This month sees the release of the sixth edition of David Thomson’s New Biographical Dictionary of Film, published for the first time in 1975. The book—now 1,154 pages long, with over 1,400 entries, more than 100 of them new to this edition—stands as a monument of film criticism, but a strange sort of monument, as if one had passed through the columns of a respectable-looking neoclassical temple to find the secret entrance to a tangle of graffiti-covered tunnels. The most idiosyncratic and deeply personal of a filmgoer’s journals masquerading as a reference work, Thomson’s “dictionary” has enjoyed a nearly four-decade-long cult following (and provoked heated brawls among cinephiles, some of them in the pages of this magazine) precisely because of its author’s passionately subjective voice and stubbornly non-canonical choice of material. In 2010, it was ranked the No. 1 best film book ever written by a Sight and Sound critics’ poll.
I know some people—including some of my most discerning cinephilic friends—find this book off-puttingly opinionated and self-important, a gaudy shrine to its author’s mercurial taste. They also contend that it’s lazily and inconsistently updated, with multiple editorial and factual errors—a point I freely concede. All I know is that in the 20 or so years I’ve had some edition or other of the New Biographical Dictionary on my shelf, I have yet to open it without reading at least three more entries than the one I was looking up. It’s a reference book into which I can pleasurably disappear into at any moment, and that’s not nothing, in this world.

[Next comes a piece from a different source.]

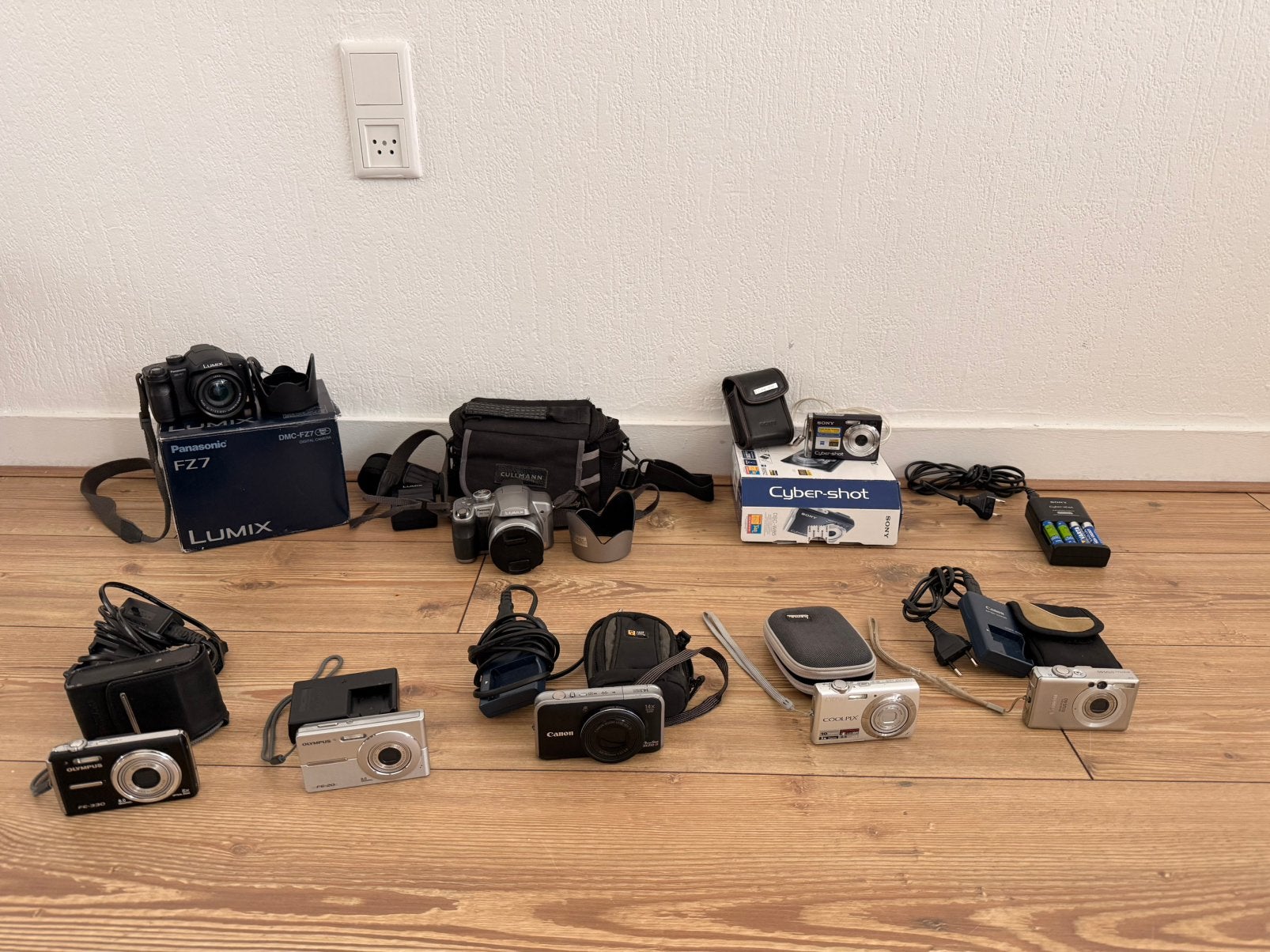 Partij van 8 digitale camera's en accessoire, Canon, Geheugenkaart, Ingebouwde flitser, Ophalen of Verzenden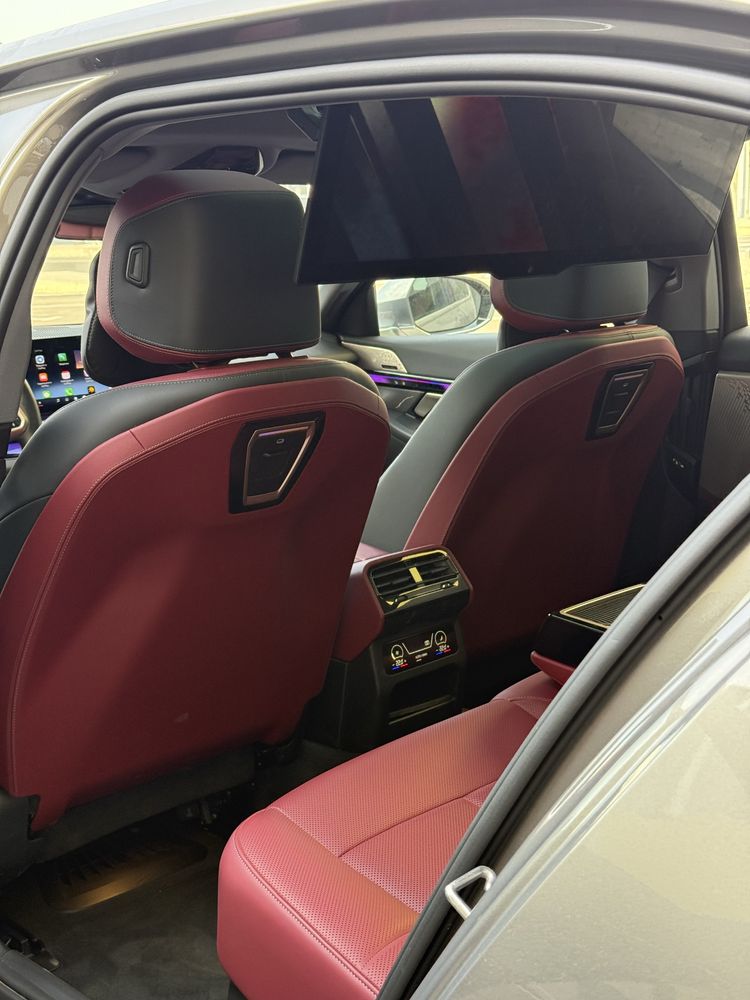 BMW i5 35L v nalichii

From Abbott and Costello to Terry Zwigoff, these mini-bios cover whichever figures in film history Thomson bloody well feels like talking about, for as long he feels like talking about them. Waiting to see who’ll be included in each new update, based on Thomson’s seemingly mercurial criteria, provides the slow-burn suspense of being a follower of the New Biographical Dictionary. One of the main innovations of this sixth edition is the inclusion of several figures better known for their work in television than in movies, two mediums whose increasing convergence Thomson readily recognizes. An admiring entry on Bryan Cranston ends with this brief disquisition on the future of cinema: “It’s hard to believe that the movies today would have the courage and the persistence to do someone like Walter White. Long-form television is the narrative form that has transcended movies in the way, once, the novel surpassed cave paintings.”
A British-born critic and film historian who lives in San Francisco and writes primarily for the New Republic, Thomson, now in his early 70s, can be dismissive, peevish, and prickly. He can sound obnoxiously fusty and sometimes flat-out sexist when writing about women—when tracking the careers of contemporary actresses, he has an annoying tendency to check in on the status of their sexual appeal. (To be fair, Thomson can be nearly as judgey when it comes to the physiques of aging actors: pity the Robert Redford of 1993’s Indecent Proposal, about which Thomson writes that “the script was so undeveloped, and the sex so absent, we were left with time to see how far Redford resembled used wrapping paper.”) And he can be breathtakingly catty, while pulling that Dorothy Parker trick of simultaneously being dead-on right: Anne Hathaway’s Les Miserables performance is “a shameless play on the equation between our tears, her Oscar, and makeup no cat would drag in.”
But the felicities of this half-dictionary, half-diary are to be found in Thomson’s careening, confiding prose and the minute precision of his observational eye, particularly when gazing upon something he loves. Like, for example, the 19-year-old Lauren Bacall in her debut role in To Have and Have Not, “watching everyone as if she had been up all night writing the script.” Or Bruce Dern’s eyes in Coming Home, “lime pits of paranoia and resentment.” On old Hollywood, especially, Thomson’s erudition and intimate attachment to his subject shine through. Nearly the entire entry on Eleanor Powell consists of a description of how, locked in solitary confinement for the rest of his life and allowed just one movie scene, Thomson would choose to watch Eleanor Powell and Fred Astaire tap dancing to Cole Porter’s “Begin the Beguine” in Broadway Melody of 1940. It’s a free-associational reverie that ends on the startlingly abstract image of “Powell’s alive frock” swishing around her legs for an extra half-turn after the dance is over, “like a spirit embracing the person.”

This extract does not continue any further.